Dead Rabbits: Shapeshifter review
When Craig Mabbitt, lead vocalist of Escape the Fate, announced his side-project, The Dead Rabbitts, he promised a return to form.
He didn’t disappoint. The sheer musicianship merits a careful listening of their debut album, Shapeshifter.
The opening track, “My Only Regret,” introduces us to Mabbitt’s newfound sense of clarity. His transitions from sweet tenor to pronouncing bellow could have easily crowded the stage; however, the guitars have plenty of room to swing.

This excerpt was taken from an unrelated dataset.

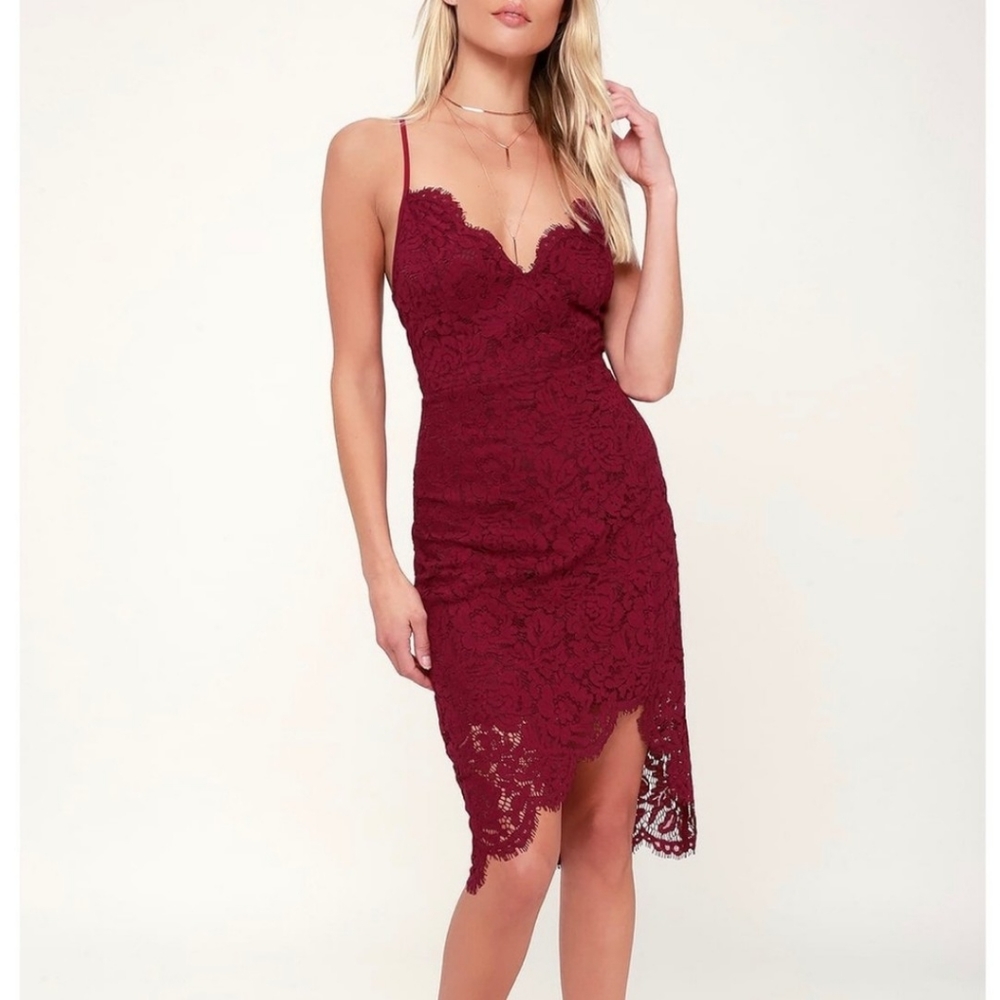 NWOT  Lulus flirting with desire red dress, lace midi backless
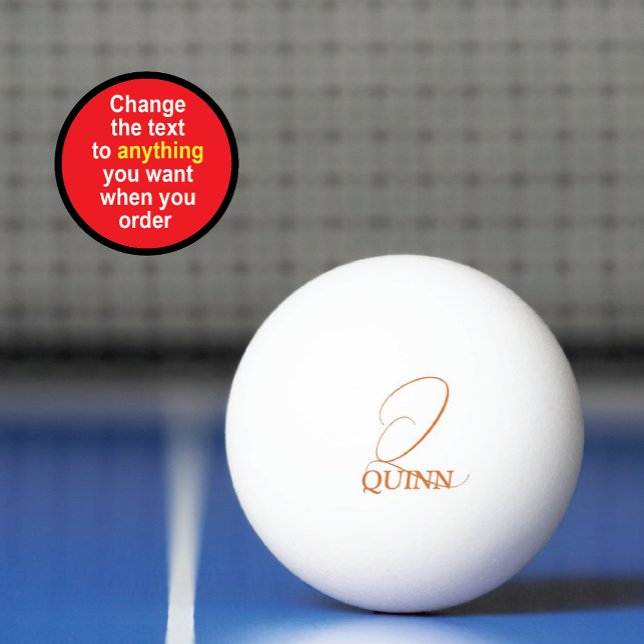 Rust Orange Monogrammed Ping Pong Paddle Ball (Creator Uploaded)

A melodic skeleton holds these diverse tracks together. Keyboards tinker here and there – most successfully in “Make Me Believe it” – and set this supergroup apart from their less-seasoned contemporaries: they show off a willingness to control the energy inherent in metal for sake of more theatric pronouncements.
Percussion is scarce on Shapeshifter. Instead, they employ electronic beats which- at best- support the reliably rhythmic and layered guitars; at their worst, they bleed into their leads (“Ghosts in My Bedroom”). Luckily, the lead guitar tears through the beat like lightening delighted. And for fans of post-hardcore: breakdowns are nigh (“Keep Tellin Yourself You Were Right”), which is the summit of the album.
Shapeshifter succeeds in its promise of reminiscence, yet maintains a spirit of innovation. It is worth the investment as aging fans of the genre will welcome the nod to their more turbulent times of adolescence and relish in the fresh musical arrangements; newcomers will feel swelled by the anthemic peaks of every track and march.